Terrifically slow scheduling and subsequent code generation for kernels with many inames
Some of the kernels we're making in tsfc/firedrake have many inames. I've attached a (py3k) pickled simple case.
I got bored trying to schedule this kernel (a simpler case that scheduled ok, I got bored in generate_code_v2
). I did a bit of profiling, for this kernel, it takes a long time to even get through the pre-scheduling checks. In particular, check_bounds
takes a terribly long time.

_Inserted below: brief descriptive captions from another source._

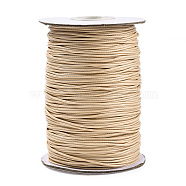 Braided Korean Waxed Polyester Cords, BurlyWood, 1mm, about 174.97 yards(160m)/roll(YC-T002-1.0mm-117)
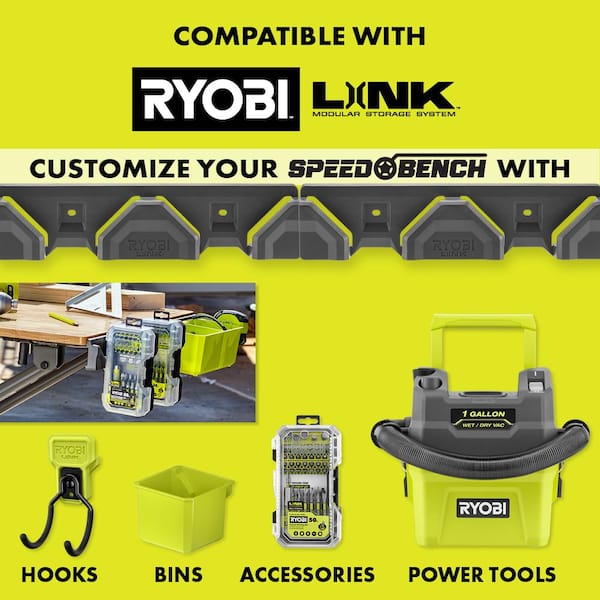 RYOBI - SPEED BENCH 23 in. W x 20 in. D Mobile Workstation with LINK 12-Compartment Small Parts Organizer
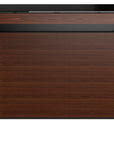 Chocolate Walnut Veneer and Black Satin-Etched Glass with Black Steel | BDI Sequel Laptop Desk | Valley Ridge Furniture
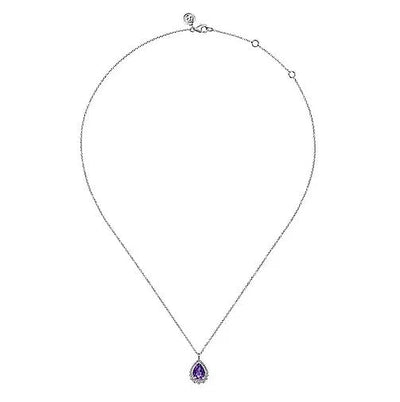 NECKLACES - Sterling Silver Pear Shape Amethyst Pendant On 17.5" Chain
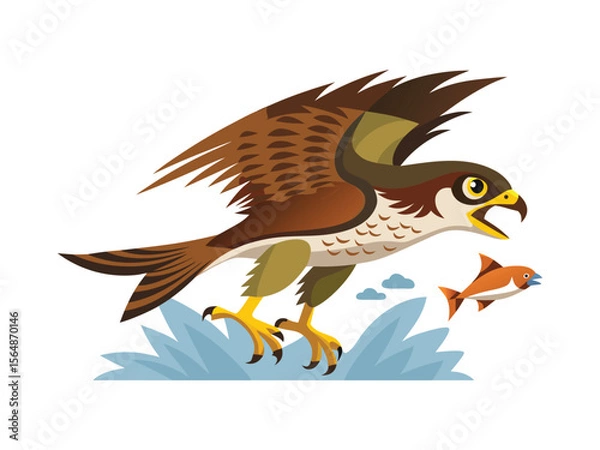 Obraz Cartoon hawk swooping down to catch a fish in the water isolated on white background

A large part of this appears to be spent in get_access_range
, and in particular, turning the access_map
into a range with access_map.range()
.
For example, computing the bounds check for the final (write-back) instruction takes around 4 seconds on my machine.
This is what I did:
The pickled kernel is: foo
import pickle
import loopy as lp
from loopy.symbolic import IdentityMapper
from loopy.symbolic import get_access_range
import timeit
class Collector(IdentityMapper):
def __init__(self):
super().__init__()
self.collected = []
def map_subscript(self, expr):
self.rec(expr.aggregate)
self.collected.append(expr.index)
collector = Collector()
with open("foo", "rb") as f:
knl = pickle.loads(f.read())
domain = knl.domains[0]
assumptions = knl.assumptions
subscripts = collector(knl.instructions[-1].expression)
%timeit list(get_access_range(domain, s, assumptions) for s in subscripts)
=> 3.98 s ± 54.5 ms per loop (mean ± std. dev. of 7 runs, 1 loop each)
I didn't dig as deeply into why the codegen itself was slow.